So let me share my screen. Um, and, and I'll go and Josh, I'm writing. I've got about 10 minutes, 15 minutes. Uh, you, you can overrun a little bit. Okay. Great. I'll try and earn the side of being shorter. And then if people have questions, we can dig in. Cool.

The Essence of LLMs and Scaling Hypothesis

So what I'm going to be talking about, the talk's title is kind of LLMs and the scaling hypothesis. Or another way of putting it is sort of what's the, you know, how might we think about the future of what's coming next, given what happened.

Audience Engagement and Reflection

And when I did this talk last time in London, I could see the audience and I did a poll at this point. And I'm just going to ask you guys to do the poll yourselves at home or reflect on it. which is that just take a moment and consider when ChatGPT came out, when you first got your hands on it and you saw it, were you surprised by what it was capable of?

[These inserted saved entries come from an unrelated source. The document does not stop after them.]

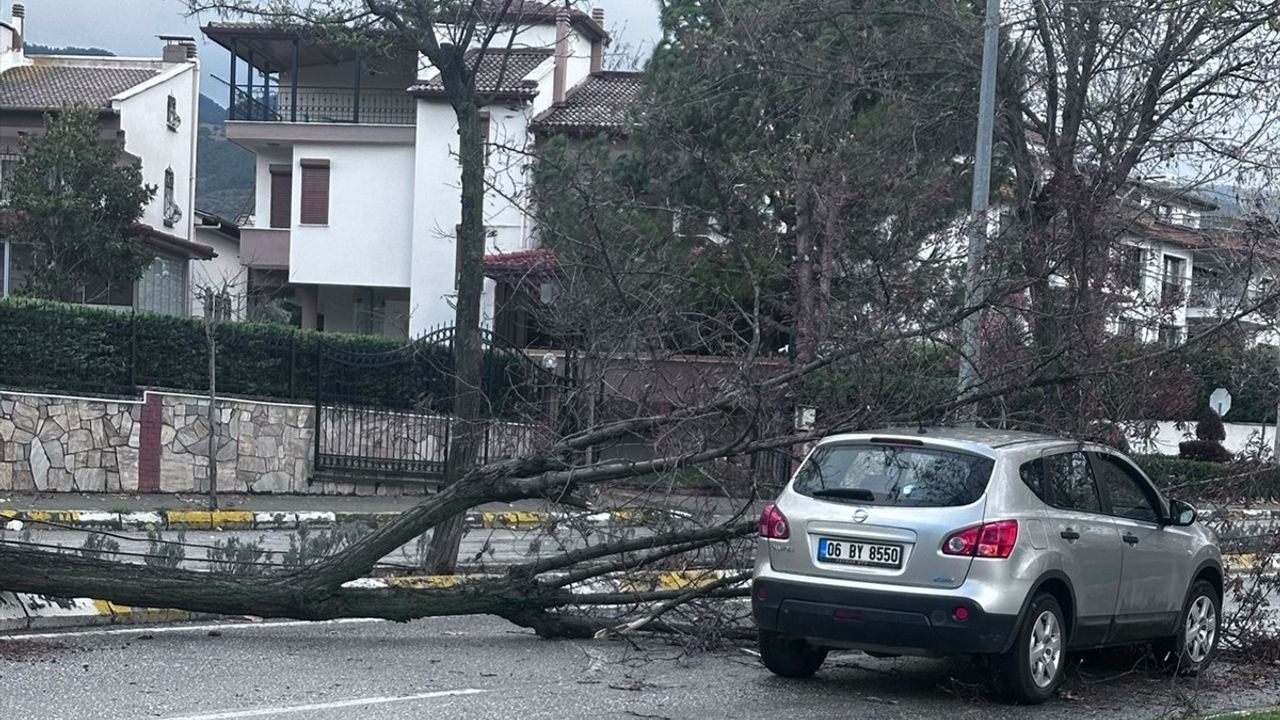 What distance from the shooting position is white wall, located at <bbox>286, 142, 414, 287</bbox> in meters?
38.8

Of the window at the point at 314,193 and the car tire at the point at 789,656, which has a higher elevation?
the window at the point at 314,193

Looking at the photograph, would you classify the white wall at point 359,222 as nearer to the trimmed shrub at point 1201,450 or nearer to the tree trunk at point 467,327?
the trimmed shrub at point 1201,450

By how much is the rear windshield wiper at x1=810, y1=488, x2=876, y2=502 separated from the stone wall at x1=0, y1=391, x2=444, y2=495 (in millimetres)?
15634

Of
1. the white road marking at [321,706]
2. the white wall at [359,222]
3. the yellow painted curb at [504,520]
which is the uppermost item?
the white wall at [359,222]

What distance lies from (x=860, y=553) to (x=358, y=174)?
106 ft

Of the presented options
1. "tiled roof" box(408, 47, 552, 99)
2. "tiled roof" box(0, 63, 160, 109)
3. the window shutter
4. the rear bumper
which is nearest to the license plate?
the rear bumper

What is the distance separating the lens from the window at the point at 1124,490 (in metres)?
9.67

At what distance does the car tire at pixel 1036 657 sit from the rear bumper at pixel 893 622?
0.61 ft

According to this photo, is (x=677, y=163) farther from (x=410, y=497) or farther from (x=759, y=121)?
(x=410, y=497)

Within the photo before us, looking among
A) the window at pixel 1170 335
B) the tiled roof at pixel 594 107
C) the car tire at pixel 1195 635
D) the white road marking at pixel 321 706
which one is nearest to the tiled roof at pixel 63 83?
the tiled roof at pixel 594 107

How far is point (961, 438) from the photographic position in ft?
29.9

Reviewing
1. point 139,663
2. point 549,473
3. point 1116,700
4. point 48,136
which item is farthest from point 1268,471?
point 48,136

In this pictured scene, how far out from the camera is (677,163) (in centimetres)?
2527

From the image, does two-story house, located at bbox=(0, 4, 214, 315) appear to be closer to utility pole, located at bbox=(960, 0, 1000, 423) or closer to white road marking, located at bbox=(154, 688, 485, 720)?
utility pole, located at bbox=(960, 0, 1000, 423) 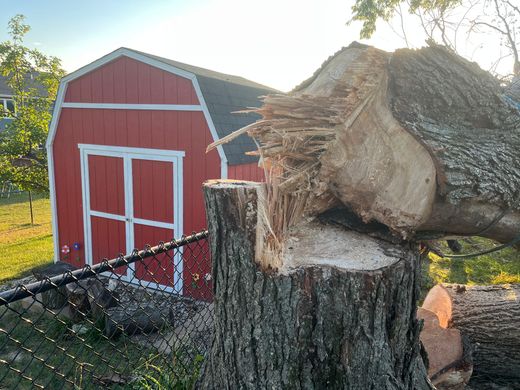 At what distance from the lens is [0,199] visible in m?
14.2

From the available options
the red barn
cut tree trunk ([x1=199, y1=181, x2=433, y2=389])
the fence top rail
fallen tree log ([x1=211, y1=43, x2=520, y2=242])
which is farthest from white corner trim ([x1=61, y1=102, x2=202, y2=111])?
cut tree trunk ([x1=199, y1=181, x2=433, y2=389])

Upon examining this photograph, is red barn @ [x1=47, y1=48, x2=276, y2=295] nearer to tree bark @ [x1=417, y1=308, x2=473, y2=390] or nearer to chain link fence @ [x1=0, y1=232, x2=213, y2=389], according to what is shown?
chain link fence @ [x1=0, y1=232, x2=213, y2=389]

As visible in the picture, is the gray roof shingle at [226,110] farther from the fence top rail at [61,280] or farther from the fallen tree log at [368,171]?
the fallen tree log at [368,171]

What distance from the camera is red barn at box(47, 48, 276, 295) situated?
523cm

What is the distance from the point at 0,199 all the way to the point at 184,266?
12494 mm

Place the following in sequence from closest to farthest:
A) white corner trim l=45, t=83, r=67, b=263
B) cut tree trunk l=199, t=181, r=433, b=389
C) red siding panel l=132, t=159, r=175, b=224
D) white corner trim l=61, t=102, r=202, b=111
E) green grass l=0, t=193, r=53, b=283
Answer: cut tree trunk l=199, t=181, r=433, b=389 < white corner trim l=61, t=102, r=202, b=111 < red siding panel l=132, t=159, r=175, b=224 < white corner trim l=45, t=83, r=67, b=263 < green grass l=0, t=193, r=53, b=283

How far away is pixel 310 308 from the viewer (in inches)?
57.1

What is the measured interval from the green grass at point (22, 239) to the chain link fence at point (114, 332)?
2.08 metres

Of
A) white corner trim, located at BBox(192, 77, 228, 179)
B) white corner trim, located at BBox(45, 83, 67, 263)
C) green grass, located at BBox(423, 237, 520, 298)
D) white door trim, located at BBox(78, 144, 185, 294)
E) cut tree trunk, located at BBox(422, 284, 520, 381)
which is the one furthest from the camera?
white corner trim, located at BBox(45, 83, 67, 263)

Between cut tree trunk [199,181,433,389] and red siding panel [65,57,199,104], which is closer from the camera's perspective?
cut tree trunk [199,181,433,389]

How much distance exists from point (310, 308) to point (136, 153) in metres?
4.92

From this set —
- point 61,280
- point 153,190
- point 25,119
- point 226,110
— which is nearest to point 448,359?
point 61,280

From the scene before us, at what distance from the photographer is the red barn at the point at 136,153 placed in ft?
17.2

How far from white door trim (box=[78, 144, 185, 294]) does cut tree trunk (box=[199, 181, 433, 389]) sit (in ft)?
12.2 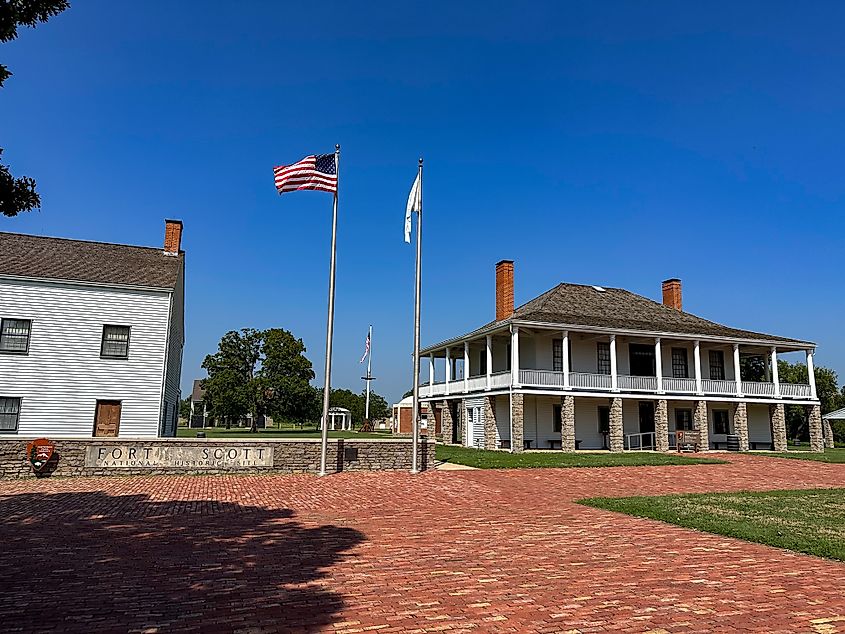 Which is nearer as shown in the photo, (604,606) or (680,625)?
(680,625)

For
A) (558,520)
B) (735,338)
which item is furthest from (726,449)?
(558,520)

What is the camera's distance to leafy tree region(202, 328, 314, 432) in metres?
43.9

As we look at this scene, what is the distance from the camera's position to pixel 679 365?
31.0 m

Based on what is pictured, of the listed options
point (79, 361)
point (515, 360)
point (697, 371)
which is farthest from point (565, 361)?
point (79, 361)

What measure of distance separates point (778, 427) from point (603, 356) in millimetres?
9815

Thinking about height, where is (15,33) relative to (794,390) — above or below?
above

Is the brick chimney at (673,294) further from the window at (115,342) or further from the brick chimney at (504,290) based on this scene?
the window at (115,342)

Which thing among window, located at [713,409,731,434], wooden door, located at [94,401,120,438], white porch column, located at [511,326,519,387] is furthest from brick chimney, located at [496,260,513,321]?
wooden door, located at [94,401,120,438]

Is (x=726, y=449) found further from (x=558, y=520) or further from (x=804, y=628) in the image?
(x=804, y=628)

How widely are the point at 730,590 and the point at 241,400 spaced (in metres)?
41.0

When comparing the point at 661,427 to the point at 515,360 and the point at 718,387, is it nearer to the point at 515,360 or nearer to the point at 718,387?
the point at 718,387

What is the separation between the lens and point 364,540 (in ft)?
27.2

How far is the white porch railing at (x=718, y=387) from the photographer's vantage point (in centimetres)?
2950

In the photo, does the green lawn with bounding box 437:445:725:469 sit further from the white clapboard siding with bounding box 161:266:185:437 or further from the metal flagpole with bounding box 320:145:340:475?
the white clapboard siding with bounding box 161:266:185:437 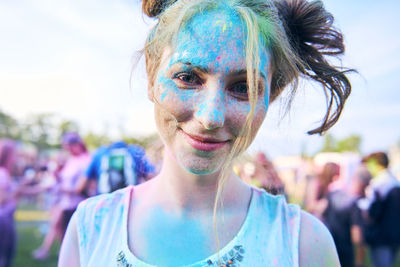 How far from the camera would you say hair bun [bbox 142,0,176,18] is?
1238mm

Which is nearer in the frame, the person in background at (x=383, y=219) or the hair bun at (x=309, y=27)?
the hair bun at (x=309, y=27)

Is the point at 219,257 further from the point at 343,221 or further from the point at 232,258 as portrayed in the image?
the point at 343,221

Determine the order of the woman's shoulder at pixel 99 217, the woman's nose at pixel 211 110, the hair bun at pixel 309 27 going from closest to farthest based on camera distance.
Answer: the woman's nose at pixel 211 110, the woman's shoulder at pixel 99 217, the hair bun at pixel 309 27

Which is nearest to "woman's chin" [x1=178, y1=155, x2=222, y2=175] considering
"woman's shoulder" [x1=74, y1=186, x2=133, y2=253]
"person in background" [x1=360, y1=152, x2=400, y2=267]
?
"woman's shoulder" [x1=74, y1=186, x2=133, y2=253]

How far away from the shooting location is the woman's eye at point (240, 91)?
104cm

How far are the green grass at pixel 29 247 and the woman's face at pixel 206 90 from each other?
4.39 meters

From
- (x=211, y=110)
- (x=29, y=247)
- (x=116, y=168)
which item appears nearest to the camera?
(x=211, y=110)

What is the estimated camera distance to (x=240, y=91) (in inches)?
41.4

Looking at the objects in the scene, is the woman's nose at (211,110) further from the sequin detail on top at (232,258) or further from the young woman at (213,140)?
the sequin detail on top at (232,258)

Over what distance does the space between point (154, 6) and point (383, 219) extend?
4.10 m

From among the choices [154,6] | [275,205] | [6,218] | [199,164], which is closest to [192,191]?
[199,164]

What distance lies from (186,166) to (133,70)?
511mm

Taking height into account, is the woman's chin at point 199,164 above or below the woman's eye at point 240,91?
below

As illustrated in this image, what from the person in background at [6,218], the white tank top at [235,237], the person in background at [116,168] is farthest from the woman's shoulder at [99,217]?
the person in background at [6,218] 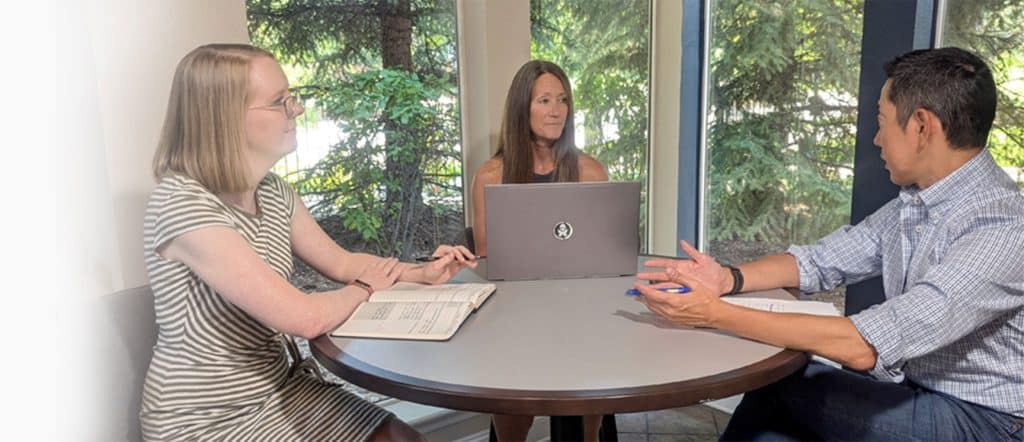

And maybe if you weren't surprised by ChatGPT itself, then were you surprised by the capabilities that you've seen in some of the demos today? I personally was. I was extremely surprised the first time I got access to large language models, not ChatGPT.

Actually, I'd seen similar things a little bit before, but models of that scale were just light years ahead of what I thought was possible at the time and have continued to improve quite quickly.

And so what I want to talk about is a little bit of brief history of kind of the field from a very personal perspective, and also what we might have got wrong and why we were surprised by ChatGPD, and then if we're going to make predictions for the future that we might get right. you know, the people who did get this right, what did they believe that was different to what the majority of us believed? And if we kind of were to project forward, what might that suggest for the future?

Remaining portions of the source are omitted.